The exhibition begins with representations of the hunting of the beast. A photograph from the middle of the 19th century shows four trigger-happy colonials, lounging around on tiger skins. At their back, four astonishingly beautiful tiger pelts are arranged, Catherine wheel-like, at full stretch. Major General John Frazer Vans-Agnew's The End of a Day's Shooting could not be more arrogantly repulsive if it tried.

And yet we can't exactly blame the Brits for this. They didn't invent these murderous impulses. Just a foot or two away hangs a wonderful watercolour, from around 1800, by an artist from Jaipur. It shows a maharajah's retinue surging across the landscape. These men, with their spears, are out hunting for tigers too. The whole scene is a model of colourfully decorous display. The dying tiger's wound is in the form of a pin wheel. The horses are polka-dotted. The painting's astonishing visual sweep is beautifully enhanced by the lavish use of gold leaf.

Why kill the beast? Because to subdue it was to assume its potency, to mean everything the tiger meant. From the 11th century, the Chinese army often wore tiger-striped uniforms – they represented fearsomeness and even a measure of invincibility. We see them on these walls, fighting the redcoats in the Opium Wars of the mid-19th century.

The objects here are many and various, from screens to rugs, from a not-especially-restful-looking ceramic pillow to a range of tiger-themed netsukes, from scrolls to embroidery from Vietnam. Tigers are protectors, embodiments of wisdom and spirituality. Even fertility is within their gift. The most fascinating object can only be seen on film. Tipu Sultan (the "Tiger of Mysore") adorned his possessions with tiger motifs. We see here a single jewel-encrusted tiger finial from his palanquin. On film we see "Tipu's Tiger", a mechanical organ that shows a huge tiger standing on a life-size British redcoat, tearing at him. When you turn the handle, the tiger roars. In 1799, Tipu Sultan's capital was sacked and he was killed by the British.
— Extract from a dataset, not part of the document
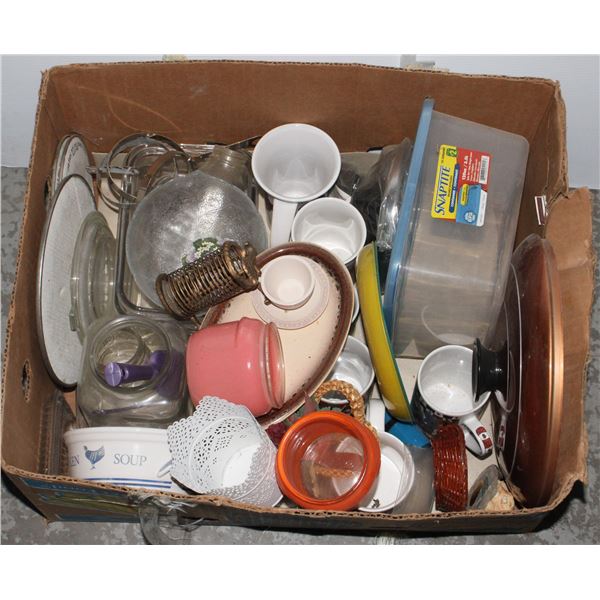 ESTATE BOX OF GLASSWARE AND OTHER ODDS AND ENDS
What intrigues most about this wonderful exhibition – and how sad that it has no catalogue, because its story is so rich and so much worth the telling – is that the tiger seldom looks really fearsome, even when the artist seems to be doing his best to make it look as terrifying as possible. Nature has adorned it too beautifully. So some of the finest works here do little other than take the tiger and its stripes and play with them as forms of exquisite abstract patterning. See how the stripes in a 19th-century woollen tiger rug from Tibet, for example, have been made to flow and undulate away from its spine.